Profondément engagé dans la lutte de son peuple, il n'a pour autant jamais cessé d'espérer la paix et sa renommée dépasse largement les frontières de son pays. Il est le président de l'Union des écrivains palestiniens. Il a publié plus de vingt volumes de poésie, sept livres en prose et a été rédacteur de plusieurs publications, comme Al-jadid - (الجديد - Le nouveau), Al-fajr (الفجر - L'aube), Shu'un filistiniyya (شؤون فلسطينية - Affaires palestiniennes) et Al-Karmel (الكرمل) . Il est reconnu internationalement pour sa poésie qui se concentre sur sa nostalgie de la patrie perdue. Ses œuvres lui ont valu de multiples récompenses et il a été publié dans au moins vingt-deux langues.

Dans les années 1960, Darwich a rejoint le Parti communiste d'Israël, le Rakah, mais il est plus connu pour son engagement au sein de l'Organisation de libération de la Palestine (OLP). Élu membre du comité exécutif de l'OLP en 1987, il quitte l'organisation en 1993 pour protester contre les accords d'Oslo.

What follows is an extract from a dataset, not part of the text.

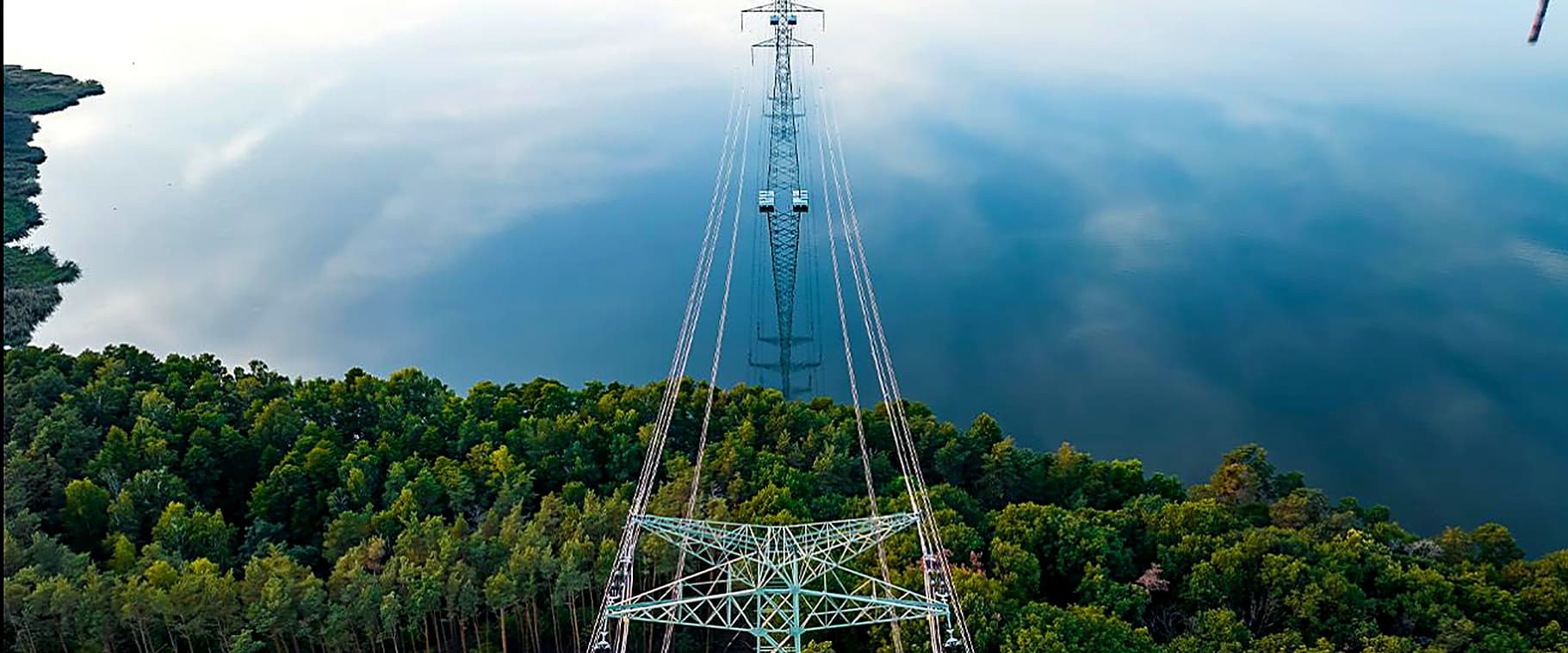 Transmission tower reflected in a lake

Après plus de trente ans de vie en exil, il peut rentrer sous conditions en Palestine, où il s'installe à Ramallah.

Mahmoud Darwich est né en 1941 à Al-Birwah, en Galilée, à 9 kilomètres à l'Est de Saint-Jean-d'Acre en Palestine sous mandat britannique, aujourd'hui Israël. Il est le deuxième enfant d'une famille musulmane sunnite de propriétaires terriens, avec quatre frères et trois sœurs. Après l'établissement d'Israël en 1948, le village fut rasé entièrement et la famille Darwich s'enfuit au Liban, où elle resta un an, avant de rentrer clandestinement en Palestine où elle découvre que leur village a été remplacé par un nouveau village juif. La famille s'installe alors à Dair Al-Assad.

Darwish a commencé ses études primaires à Dair Al-Assad, tout en vivant sous la menace constante d'être découvert et exilé par la police israélienne. Plus tard, il finit ses études secondaires à Kufur Yasif, deux kilomètres au Nord de Jdeideh. Enfin, il part pour Haïfa. Son premier recueil de poésie fut publié quand il avait dix-neuf ans (Asafir bila ajniha, Oiseaux sans ailes, 1960). En 1964, il sera reconnu internationalement comme une voix de la résistance palestinienne grâce à Awraq Al-zaytun (Feuilles d'olives). Ce recueil deviendra très populaire notamment avec le poème Carte d'Identité.

À la fin de ses études, Mahmoud Darwich commence à publier des poèmes et des articles dans des journaux et magazines comme Al-Itihad et Al-Jadid, pour lequel il deviendra plus tard rédacteur. En 1961, il rejoint secrètement le Parti communiste d'Israël, le Maki, et commence à travailler comme rédacteur adjoint de Al-fajr.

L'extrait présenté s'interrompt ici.